Donald Trump, left, and Chinese president Xi Jinping arrive for a meeting on the sidelines of the G-20 Summit in Hamburg, Germany, earlier this year. Photograph: Saul Loeb/AP
Donald Trump, left, and Chinese president Xi Jinping arrive for a meeting on the sidelines of the G-20 Summit in Hamburg, Germany, earlier this year. Photograph: Saul Loeb/AP

North Korea bomb: Trump’s trade threat to China not seen as credible

This article is more than 6 years old
in Washington and in Tokyo

The US imported $463bn worth of goods from China in 2016. Cutting off trade with Beijing would trigger a protectionist spiral leading to a global recession

Donald Trump huddled with his national security advisers on Sunday to try to decide on a response to North Korea’s sixth and most powerful nuclear test.

Pyongyang said it had detonated a hydrogen bomb, using nuclear fusion as well as fission, and the seismic data suggested a blast that was ten times as big as any of its previous tests.

Before meeting his advisors, Trump was asked if he was considering a military response. “We’ll see,” he replied.

However, his initial responses on Twitter suggested the key aspect of the US reaction would be a call on China and other trading partners to tighten the economic vice on North Korea.

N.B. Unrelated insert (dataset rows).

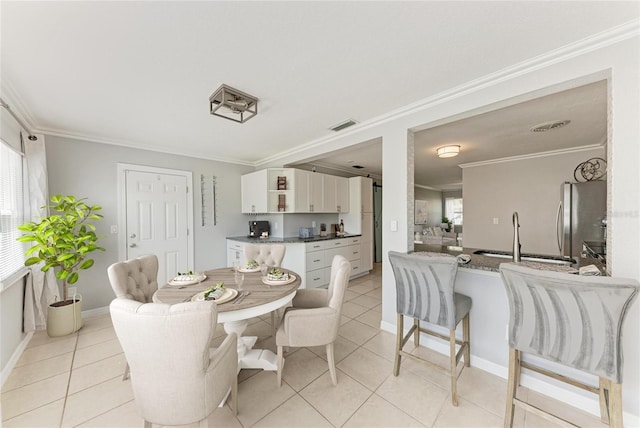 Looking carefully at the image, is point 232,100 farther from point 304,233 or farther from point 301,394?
point 304,233

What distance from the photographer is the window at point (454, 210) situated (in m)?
9.59

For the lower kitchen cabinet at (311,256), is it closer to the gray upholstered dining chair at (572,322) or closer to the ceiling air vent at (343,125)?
the ceiling air vent at (343,125)

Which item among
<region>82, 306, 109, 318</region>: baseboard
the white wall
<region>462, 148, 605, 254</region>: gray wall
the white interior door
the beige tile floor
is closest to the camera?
the white wall

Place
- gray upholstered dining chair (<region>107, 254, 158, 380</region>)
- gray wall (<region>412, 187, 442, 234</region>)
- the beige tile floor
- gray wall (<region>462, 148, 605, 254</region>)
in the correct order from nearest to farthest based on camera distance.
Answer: the beige tile floor < gray upholstered dining chair (<region>107, 254, 158, 380</region>) < gray wall (<region>462, 148, 605, 254</region>) < gray wall (<region>412, 187, 442, 234</region>)

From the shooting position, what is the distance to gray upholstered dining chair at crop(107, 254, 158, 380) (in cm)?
185

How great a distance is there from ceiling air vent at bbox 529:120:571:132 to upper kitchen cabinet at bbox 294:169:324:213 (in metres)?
3.17

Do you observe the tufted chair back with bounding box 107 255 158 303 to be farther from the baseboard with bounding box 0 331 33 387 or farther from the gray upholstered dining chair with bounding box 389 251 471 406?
the gray upholstered dining chair with bounding box 389 251 471 406

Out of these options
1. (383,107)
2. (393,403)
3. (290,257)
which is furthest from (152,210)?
(393,403)

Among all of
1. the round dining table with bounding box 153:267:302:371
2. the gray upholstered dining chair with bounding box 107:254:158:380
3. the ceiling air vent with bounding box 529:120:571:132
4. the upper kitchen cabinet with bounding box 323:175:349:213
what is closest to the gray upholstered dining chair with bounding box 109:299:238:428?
the round dining table with bounding box 153:267:302:371

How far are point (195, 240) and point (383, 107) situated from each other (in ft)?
12.0

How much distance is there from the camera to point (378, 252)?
20.3 ft

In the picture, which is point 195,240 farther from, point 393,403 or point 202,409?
point 393,403

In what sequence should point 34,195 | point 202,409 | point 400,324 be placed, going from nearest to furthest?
point 202,409 → point 400,324 → point 34,195

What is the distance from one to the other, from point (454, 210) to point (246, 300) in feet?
Result: 33.5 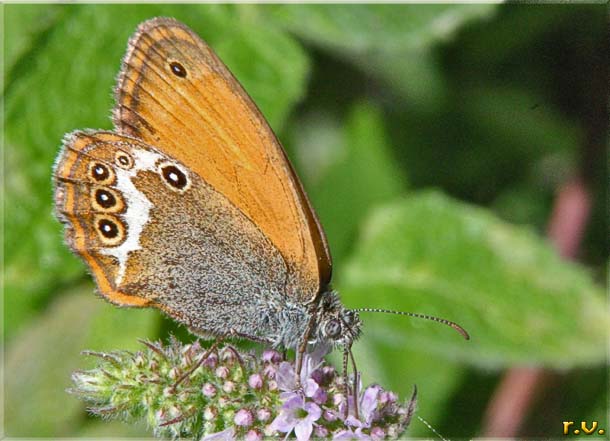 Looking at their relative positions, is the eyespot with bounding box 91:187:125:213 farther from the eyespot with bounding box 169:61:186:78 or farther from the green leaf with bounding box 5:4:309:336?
the green leaf with bounding box 5:4:309:336

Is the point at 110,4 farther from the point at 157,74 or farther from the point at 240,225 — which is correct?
the point at 240,225

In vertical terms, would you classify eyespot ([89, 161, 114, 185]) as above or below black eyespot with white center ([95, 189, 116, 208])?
above

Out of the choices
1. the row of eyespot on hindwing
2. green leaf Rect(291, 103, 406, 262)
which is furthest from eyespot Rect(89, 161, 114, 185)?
green leaf Rect(291, 103, 406, 262)

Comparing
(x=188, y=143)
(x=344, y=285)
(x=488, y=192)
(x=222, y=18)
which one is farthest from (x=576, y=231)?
(x=188, y=143)

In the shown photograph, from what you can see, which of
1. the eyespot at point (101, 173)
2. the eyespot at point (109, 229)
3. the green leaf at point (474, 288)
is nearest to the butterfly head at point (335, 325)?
the eyespot at point (109, 229)

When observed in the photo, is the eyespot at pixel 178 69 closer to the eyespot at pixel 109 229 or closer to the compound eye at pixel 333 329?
the eyespot at pixel 109 229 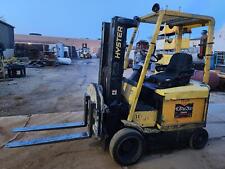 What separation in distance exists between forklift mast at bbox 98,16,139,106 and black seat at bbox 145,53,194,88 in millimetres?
737

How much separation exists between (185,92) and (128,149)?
1258 millimetres

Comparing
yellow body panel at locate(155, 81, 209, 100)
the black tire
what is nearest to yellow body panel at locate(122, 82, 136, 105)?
yellow body panel at locate(155, 81, 209, 100)

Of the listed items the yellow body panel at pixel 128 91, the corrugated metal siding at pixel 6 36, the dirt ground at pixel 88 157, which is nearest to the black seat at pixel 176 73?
the yellow body panel at pixel 128 91

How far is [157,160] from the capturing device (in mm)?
3855

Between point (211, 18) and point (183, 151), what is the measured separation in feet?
7.47

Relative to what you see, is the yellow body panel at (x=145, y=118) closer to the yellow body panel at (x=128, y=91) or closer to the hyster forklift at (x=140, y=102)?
the hyster forklift at (x=140, y=102)

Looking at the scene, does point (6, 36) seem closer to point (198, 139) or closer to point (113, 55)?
point (113, 55)

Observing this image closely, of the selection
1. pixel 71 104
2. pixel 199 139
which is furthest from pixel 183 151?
pixel 71 104

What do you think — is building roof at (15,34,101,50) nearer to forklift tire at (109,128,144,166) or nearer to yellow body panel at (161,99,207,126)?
yellow body panel at (161,99,207,126)

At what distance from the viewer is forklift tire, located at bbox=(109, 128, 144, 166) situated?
358 cm

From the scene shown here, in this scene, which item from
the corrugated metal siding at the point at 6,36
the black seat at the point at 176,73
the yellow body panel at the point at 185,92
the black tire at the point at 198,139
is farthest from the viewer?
the corrugated metal siding at the point at 6,36

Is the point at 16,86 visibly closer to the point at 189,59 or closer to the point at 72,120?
the point at 72,120

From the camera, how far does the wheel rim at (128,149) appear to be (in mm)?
3678

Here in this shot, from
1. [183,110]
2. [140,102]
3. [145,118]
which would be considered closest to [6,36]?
[140,102] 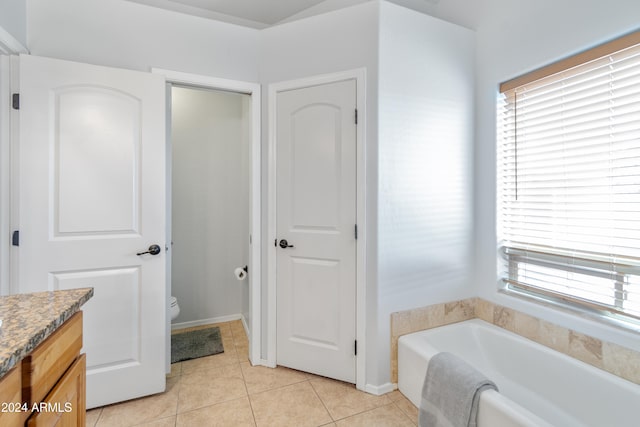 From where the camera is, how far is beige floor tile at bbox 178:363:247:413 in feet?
6.19

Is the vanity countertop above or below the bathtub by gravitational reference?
above

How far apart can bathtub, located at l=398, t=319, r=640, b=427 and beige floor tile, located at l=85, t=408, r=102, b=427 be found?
72.1 inches

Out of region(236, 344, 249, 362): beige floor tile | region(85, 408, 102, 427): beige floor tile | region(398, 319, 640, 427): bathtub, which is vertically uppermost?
region(398, 319, 640, 427): bathtub

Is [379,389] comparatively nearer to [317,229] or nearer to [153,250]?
[317,229]

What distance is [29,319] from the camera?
2.66 feet

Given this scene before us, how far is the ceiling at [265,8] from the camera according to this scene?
2.48m

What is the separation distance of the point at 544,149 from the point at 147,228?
8.47 feet

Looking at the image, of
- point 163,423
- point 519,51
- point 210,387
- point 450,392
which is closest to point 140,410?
point 163,423

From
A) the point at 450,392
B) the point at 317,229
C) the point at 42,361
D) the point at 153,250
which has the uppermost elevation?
the point at 317,229

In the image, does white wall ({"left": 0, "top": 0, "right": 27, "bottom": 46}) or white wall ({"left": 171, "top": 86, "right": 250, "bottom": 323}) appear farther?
white wall ({"left": 171, "top": 86, "right": 250, "bottom": 323})

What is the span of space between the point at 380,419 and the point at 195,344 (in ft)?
5.63

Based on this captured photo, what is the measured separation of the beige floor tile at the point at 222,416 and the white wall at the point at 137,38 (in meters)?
2.22

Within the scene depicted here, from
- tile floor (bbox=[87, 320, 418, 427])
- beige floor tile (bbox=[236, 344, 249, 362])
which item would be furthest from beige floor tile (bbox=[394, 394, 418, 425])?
beige floor tile (bbox=[236, 344, 249, 362])

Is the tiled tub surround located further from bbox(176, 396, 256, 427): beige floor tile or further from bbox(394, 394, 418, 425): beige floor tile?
bbox(176, 396, 256, 427): beige floor tile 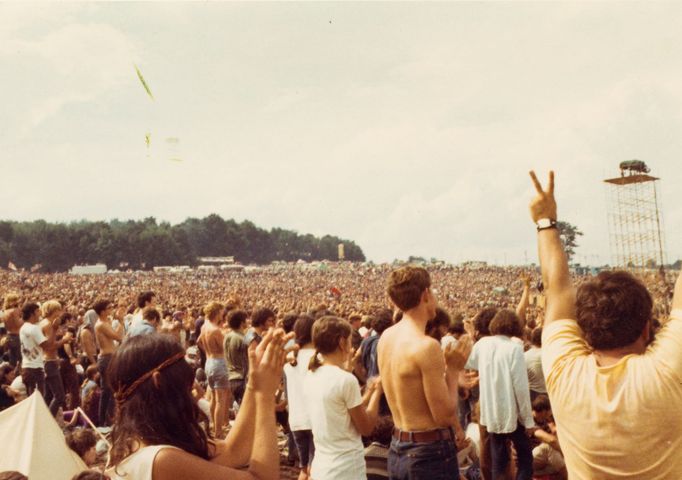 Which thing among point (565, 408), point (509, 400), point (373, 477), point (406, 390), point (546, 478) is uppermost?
point (565, 408)

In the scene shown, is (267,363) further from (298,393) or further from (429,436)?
(298,393)

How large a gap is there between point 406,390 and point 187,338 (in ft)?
35.6

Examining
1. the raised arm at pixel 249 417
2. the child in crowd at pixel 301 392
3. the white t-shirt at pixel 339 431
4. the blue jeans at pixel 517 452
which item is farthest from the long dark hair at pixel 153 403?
the blue jeans at pixel 517 452

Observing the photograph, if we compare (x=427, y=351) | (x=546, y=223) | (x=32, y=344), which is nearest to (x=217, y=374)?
(x=32, y=344)

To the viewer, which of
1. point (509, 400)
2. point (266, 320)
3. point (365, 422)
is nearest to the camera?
point (365, 422)

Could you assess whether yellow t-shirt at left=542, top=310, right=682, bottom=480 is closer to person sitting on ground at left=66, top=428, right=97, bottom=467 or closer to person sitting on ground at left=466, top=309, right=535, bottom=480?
person sitting on ground at left=466, top=309, right=535, bottom=480

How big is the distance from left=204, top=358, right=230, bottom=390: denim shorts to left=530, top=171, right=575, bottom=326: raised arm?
620 centimetres

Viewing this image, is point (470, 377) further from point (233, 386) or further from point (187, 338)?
point (187, 338)

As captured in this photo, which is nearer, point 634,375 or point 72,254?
point 634,375

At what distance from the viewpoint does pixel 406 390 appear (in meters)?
3.43

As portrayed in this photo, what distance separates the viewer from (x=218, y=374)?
7684mm

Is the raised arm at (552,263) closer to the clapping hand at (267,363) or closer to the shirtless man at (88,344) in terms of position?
the clapping hand at (267,363)

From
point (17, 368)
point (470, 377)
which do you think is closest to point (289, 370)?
point (470, 377)

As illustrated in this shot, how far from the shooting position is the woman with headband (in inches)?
73.8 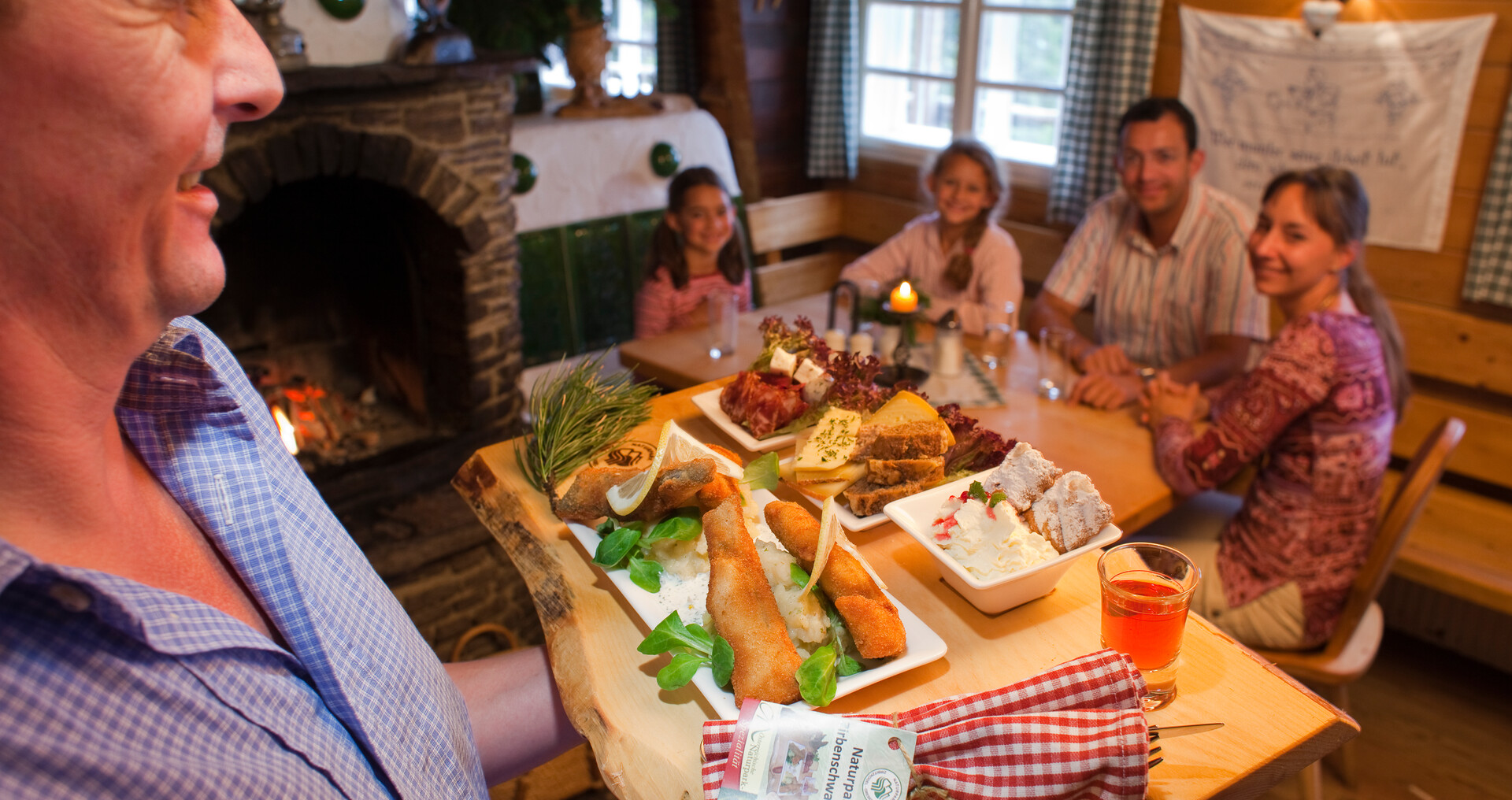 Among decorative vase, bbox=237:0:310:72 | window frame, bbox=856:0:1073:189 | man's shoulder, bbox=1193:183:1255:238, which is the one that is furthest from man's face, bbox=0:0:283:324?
window frame, bbox=856:0:1073:189

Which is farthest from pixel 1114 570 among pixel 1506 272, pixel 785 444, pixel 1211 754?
pixel 1506 272

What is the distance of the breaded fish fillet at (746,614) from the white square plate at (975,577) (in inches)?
8.6

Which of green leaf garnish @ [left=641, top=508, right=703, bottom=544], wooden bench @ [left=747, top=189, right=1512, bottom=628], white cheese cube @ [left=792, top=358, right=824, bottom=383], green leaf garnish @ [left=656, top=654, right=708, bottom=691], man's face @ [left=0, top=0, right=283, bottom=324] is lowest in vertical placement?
wooden bench @ [left=747, top=189, right=1512, bottom=628]

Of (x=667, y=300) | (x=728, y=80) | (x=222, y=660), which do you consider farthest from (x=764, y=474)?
(x=728, y=80)

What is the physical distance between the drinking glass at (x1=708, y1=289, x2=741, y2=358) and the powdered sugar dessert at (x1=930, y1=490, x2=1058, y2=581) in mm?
1515

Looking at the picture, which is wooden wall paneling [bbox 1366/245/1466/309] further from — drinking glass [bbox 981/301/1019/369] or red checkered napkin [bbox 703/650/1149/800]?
red checkered napkin [bbox 703/650/1149/800]

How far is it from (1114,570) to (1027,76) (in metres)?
3.79

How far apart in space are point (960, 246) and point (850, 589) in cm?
266

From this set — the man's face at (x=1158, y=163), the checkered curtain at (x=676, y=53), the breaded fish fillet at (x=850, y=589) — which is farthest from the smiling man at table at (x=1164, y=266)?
the checkered curtain at (x=676, y=53)

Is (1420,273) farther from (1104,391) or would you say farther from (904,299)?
(904,299)

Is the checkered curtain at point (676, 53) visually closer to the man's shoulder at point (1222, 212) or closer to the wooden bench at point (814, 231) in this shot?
the wooden bench at point (814, 231)

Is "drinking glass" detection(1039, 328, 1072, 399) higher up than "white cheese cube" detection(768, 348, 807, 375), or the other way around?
"white cheese cube" detection(768, 348, 807, 375)

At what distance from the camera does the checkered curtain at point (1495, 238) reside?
3043 millimetres

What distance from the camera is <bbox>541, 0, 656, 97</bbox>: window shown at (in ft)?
18.3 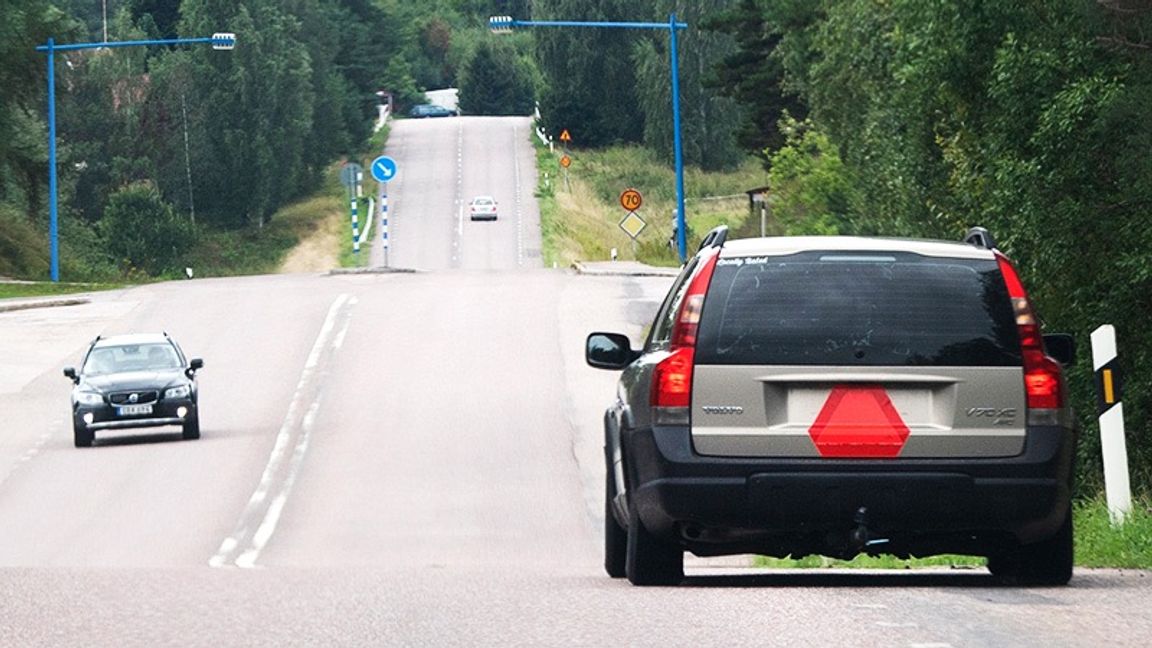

“The United States is considering, in addition to other options, stopping all trade with any country doing business with North Korea,” Trump tweeted.

The threat was not seen as credible. In 2016, the US imported $463bn worth of goods from China, North Korea’s biggest trade partner. Cutting off trade with Beijing would trigger a protectionist spiral that would create a global recession.

Steven Mnuchin, the US treasury secretary, said he would begin drafting a new package of sanctions. A previous round had targeted mostly Chinese companies that did business with North Korea. “We’ve already started with sanctions against North Korea but I am going to draft a sanctions package to send to the president for his strong consideration,” Mnuchin told Fox News.

However, former officials and analysts said that much would depend on how China now reacted. Beijing had repeatedly warned the North Korean leader, Kim Jong-un, not to carry out another nuclear test.

Nikki Haley, the US ambassador to the UN, tweeted on Sunday: “We along w/Japan, France, the UK and S.Korea have called for an emergency Security Council meeting on N.Korea in the open tomorrow at 10am.”

Working with China and other Pacific powers is Washington’s best of a dwindling range of options. With the latest test, North Korea is signalling that it has made a technological breakthrough. Hours earlier, Kim had been photographed with what appeared to be a two-stage thermonuclear warhead. The video footage and photographs suggested that the device was designed to be small enough to fit into the nose cone of an intercontinental ballistic missile (ICBM) that Pyongyang tested twice in July, which could potentially reach the US mainland.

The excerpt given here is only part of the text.